= Joseph Karl Ambrosch =

Czech opera singer

Joseph Karl Ambrosch (Josef Karel Ambrož; 6 May 1759 – 8 September 1822) was a Czech tenor opera singer and composer.

== Early life ==
Born in Český Krumlov, Ambrosch lived in Berlin as a tenor opera singer since 1791. Since 1792 he has been part of the ensemble of the Berlin Royal National Theater, which August Wilhelm Iffland had led since 1796. Ambrosch appeared in plays as well as in operas and musical plays. One of his most successful roles was that of the landowner Weller in the German version of Ferdinando Paer's Poche ma buone, ossia Le donne cambiate (1800), Der lustige Schuster, oder: Die verwandelten Weiber (first performance on 25 May 1807). In Mozart's The Magic Flute he sang Papageno over 21 times between 1806 and 1812. He mostly played smaller supporting roles in plays. In Julius von Voss's comedy Künstlers Erdenwallen (premiered on 29 January 1810) he played the role of a Jew.
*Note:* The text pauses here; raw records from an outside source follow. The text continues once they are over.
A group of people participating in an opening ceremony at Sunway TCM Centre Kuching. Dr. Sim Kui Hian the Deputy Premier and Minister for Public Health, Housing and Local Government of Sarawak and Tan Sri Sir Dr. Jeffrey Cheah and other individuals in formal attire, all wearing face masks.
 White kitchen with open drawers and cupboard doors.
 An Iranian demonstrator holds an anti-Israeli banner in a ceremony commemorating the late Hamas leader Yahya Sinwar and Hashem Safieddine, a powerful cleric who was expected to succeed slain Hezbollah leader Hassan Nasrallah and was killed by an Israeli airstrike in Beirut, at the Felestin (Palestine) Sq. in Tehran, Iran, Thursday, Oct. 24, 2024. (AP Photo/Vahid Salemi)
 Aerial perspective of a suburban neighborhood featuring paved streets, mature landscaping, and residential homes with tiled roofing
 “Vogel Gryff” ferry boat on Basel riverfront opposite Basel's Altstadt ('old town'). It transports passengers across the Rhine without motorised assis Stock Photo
Together with the singer and actor Joseph Michael Böheim, he published the three-part collection Freymauer Lieder, which contained works by numerous contemporary composers, including a large number of songs composed by himself. Both were members of the Berlin Masonic lodge Zur Beständigkeit. Ambrosch died in Berlin in 1822, aged 63.